The authors go on to highlight the importance of loneliness and social isolation for mental and physical health.

What is more, emerging reports have shown that lockdowns raise the risk of abuse among older people.

During the pandemic, older adults have become even more dependent on their caregivers, and, in a pattern similar to the one that has raised the rates of domestic violence, some caregivers have used the pandemic to exercise their control and abuse further.

Elder abuse tends to occur more frequently in communities that lack mental health or social care resources. The perpetrators of the abuse also tend to have mental health problems, as well as reporting feelings of resentment with their informal care-giving duties.

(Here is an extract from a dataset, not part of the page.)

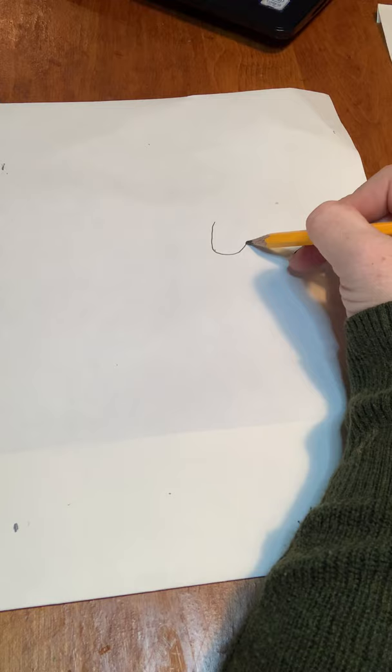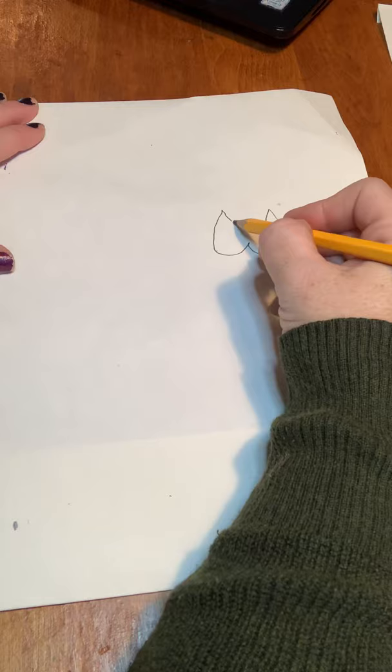So the first thing you're going to do, right around the middle of your paper — you could go to one side or the other if you'd like — you're going to do kind of like a W shape. Make it kind of roundish because this is the bottom of the cat's face. Then you're going to do two ears which are kind of like the tops of triangles and then you're going to connect those two.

According to a recent paper appearing in the journal Aggression and Violent Behavior, people who experience “elder abuse” are more likely to develop mental health problems such as depression, high stress, and self-neglect — conditions that can only be made worse by lock downs.

Overall, lock downs mean that more elders are trapped with their abusers, that some perpetrators of abuse reluctantly find themselves in a care-giving role, and that; as a result, there is a higher need for mental health and community support services.

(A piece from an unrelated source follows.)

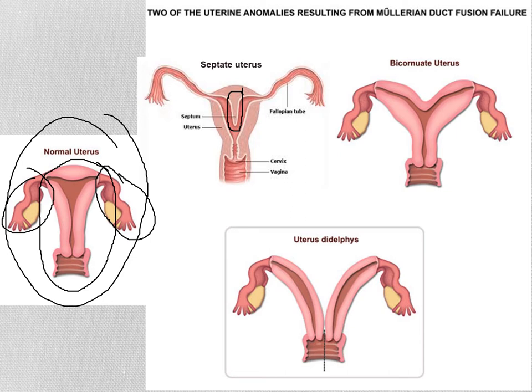To the right of that, we have a bicornuate uterus — bi meaning two, cornu means horn. Somebody thought this looked like the uterus had two horns. Here it's not just that there was a little wall; these two are still separate tubes, but they did come together down at the bottom of the uterus and the top of the vagina. This is someone who could have some difficulty with pregnancies — an increased risk of miscarriage or preterm delivery because the uterus does not have as much capacity.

Paradoxically, however, the funds and staff for these services have been slashed — now, when they are needed the most.

While some countries have acknowledged the fact that they have “failed to protect [their] elderly,” and in doing so, failed “society as a whole,” others, like the U.S. or the U.K., have yet to make the necessary amends.

As can be seen from the consequences of the pandemic on both the mental and physical health of older adults, governments in several countries have yet to pay heed to the WHO’s advice; that we do not forget that protecting our elders is “everyone’s business.”